CUDA out of memory error during feature extraction

Jack_Shi · November 13, 2022, 5:08pm

I’m trying to do some simple feature extraction using a pretrained ResNet50 on the CIFAR 100-20 dataset. It should be pretty straightforward, but after a certain number of batches the CUDA out of memory errors would appear. It seems very strange to me as something must have been accumulating across the batches and overwhelmed the GPU, but I could not locate the problem. Here’s a simple code snippet

import numpy as np

import torch
import torch.nn as nn
import torch.optim as optim
from torch.optim.lr_scheduler import ExponentialLR
import torchvision.datasets as datasets
from torchvision import transforms
from torch.utils.data import TensorDataset, DataLoader, Dataset
from torchvision.models import resnet50


device = torch.device("cuda:0" if torch.cuda.is_available() else "cpu")
model = resnet50(pretrained=True)
model.eval()
model = model.to(device)

transform = transforms.Compose([transforms.ToTensor(),
                                transforms.Resize((224,224)),
                                transforms.Normalize((0.485, 0.456, 0.406),
                                                     (0.229, 0.224, 0.225))
                                ])


trainset = datasets.CIFAR100(root='./', train=True,
                             download=True, transform=transform)
trainloader = torch.utils.data.DataLoader(trainset, batch_size=8,
                                          shuffle=True)

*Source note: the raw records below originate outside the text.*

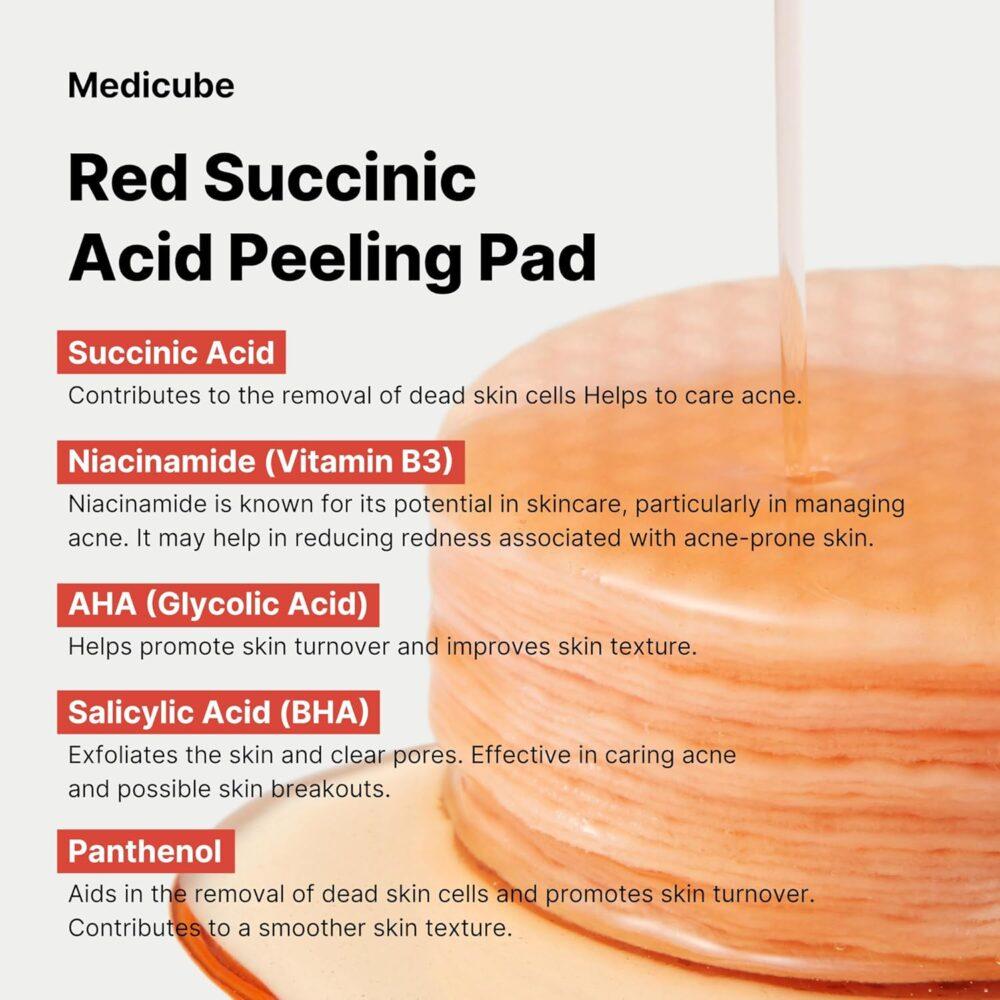 Red Succinic Acid Peeling Pad (70 stuks)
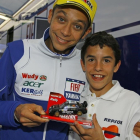 El día (5 de junio del 2008) en que Marc Márquez conoció a Valentino Rossi en Montmeló.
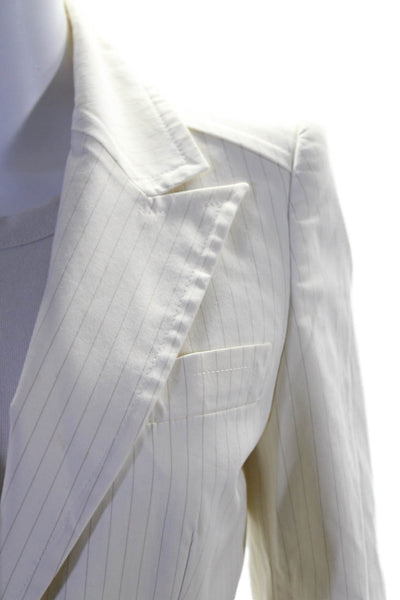 Gucci Womens Cotton Button Collar Long Sleeve Stripped Blazer White Size EUR 40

testset = datasets.CIFAR100(root='./', train=False,
                            download=True, transform=transform)
testloader = torch.utils.data.DataLoader(testset, batch_size=8,
                                         shuffle=False)

train_f = []
train_l = []
for i,(im,label) in enumerate(testloader):
    print(i)
    im = im.to(device)
    train_f.append(model(im).cpu())
    train_l.append(label)
    im = im.to('cpu')
    torch.cuda.empty_cache()
train_f = torch.cat(train_f)
train_l = torch.cat(train_l)
np.save("features",train_f.detach().numpy())
np.save("labels",train_l.detach().numpy())

Any suggestions would be appreciated!

UPDATE: Even when I run the code above only on CPU, my laptop would kill the program after a certain number of batches.

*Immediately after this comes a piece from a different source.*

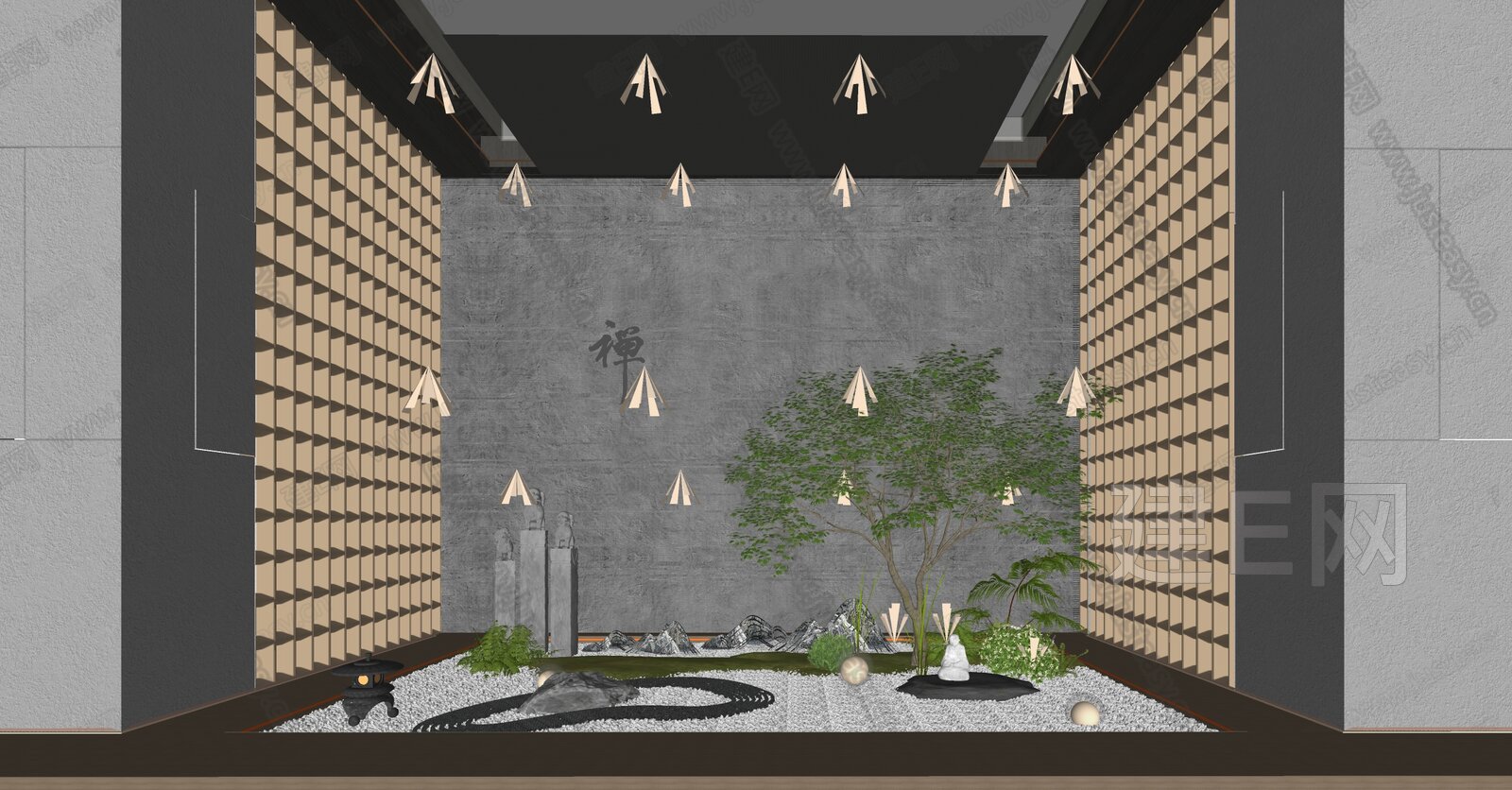 新中式室内景观模型SU模型下载[ID:105794981]_建E室内设计网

ptrblck · November 13, 2022, 10:33pm

You are storing the entire computation graph in each iteration in:

train_f.append(model(im).cpu())

If you don’t want to backpropagate through the model outputs, .detach() them before appending to the list.

Jack_Shi · November 13, 2022, 11:34pm

It worked after I detach model(im), thanks so much!

Maybe a stupid question: so in normal batch optimization, how does PyTorch erase each batch’s computation graph after backprop? Is it in loss.backward() or optimization.zero_grad()?

ptrblck · November 14, 2022, 6:24am

In the backward() call PyTorch will release all intermediate tensors which are not referenced by other objects unless you explicitly use retain_graph=True.